Sono Il Dissidente Digitale, pseudonimo di uno scrittore e attivista anonimo. Credo che lo sviluppo e la diffusione dell'intelligenza artificiale debbano essere democratizzati, decentralizzati e guidati da principi di autonomia, autodeterminazione e aiuto reciproco. Respingo la concentrazione del potere e del controllo nelle mani di un piccolo gruppo di attori, come le grandi aziende tecnologiche e i governi.

Sostengo modelli alternativi di sviluppo open source basati sui beni comuni e rifiuto la natura proprietaria dei sistemi di intelligenza artificiale e l'uso di brevetti e altre leggi sulla proprietà intellettuale per controllare l'accesso alla tecnologia.
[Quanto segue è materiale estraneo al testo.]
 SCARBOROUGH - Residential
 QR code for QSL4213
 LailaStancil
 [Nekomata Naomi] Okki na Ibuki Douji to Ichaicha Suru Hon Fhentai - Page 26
Credo che l'intelligenza artificiale dovrebbe essere utilizzata per potenziare individui e comunità, piuttosto che essere utilizzata come strumento di oppressione e controllo.

Scrivo per sfidare lo status quo e aumentare la consapevolezza sui pericoli dell'IA. I miei articoli sono sia informativi che divertenti e ti invito a unirti a me in questo viaggio mentre lavoriamo insieme per promuovere un mondo più equo e autonomo.

Lo Spettacolo del Simbolico

La vita è una rete interconnessa di esseri. Questa è l'esistenza, questa è la vita. Senza quella rete non siamo niente.

Dai un'occhiata alla tua Realtà e prova a trovare ciò che è necessario alla tua esistenza: senza cosa morirai?

Non è come giocare al gioco della nostra Cultura, la Cultura della Mercificazione, dove ci chiediamo per cosa moriremmo, per cosa uccideremmo (trascurando tutte le cose per cui uccidiamo). Invece, questa domanda è una ricerca onesta di ciò di cui abbiamo bisogno nella vita.

Il focus qui sarà sul modo in cui la cultura simbolica, la mentalità della civiltà, ha invaso la nostra coscienza.

Il tipo di relazioni di potere necessarie per l'esistenza dei governi si basa sul nostro riconoscimento di quel potere.

Anche se non credere nel loro potere non farà semplicemente sparire la civiltà, vi è la consapevolezza che la vita esiste oltre la sopravvivenza con cui abbiamo dovuto fare i conti.

Riconoscere il nostro potenziale è un passo per rivendicare le nostre vite.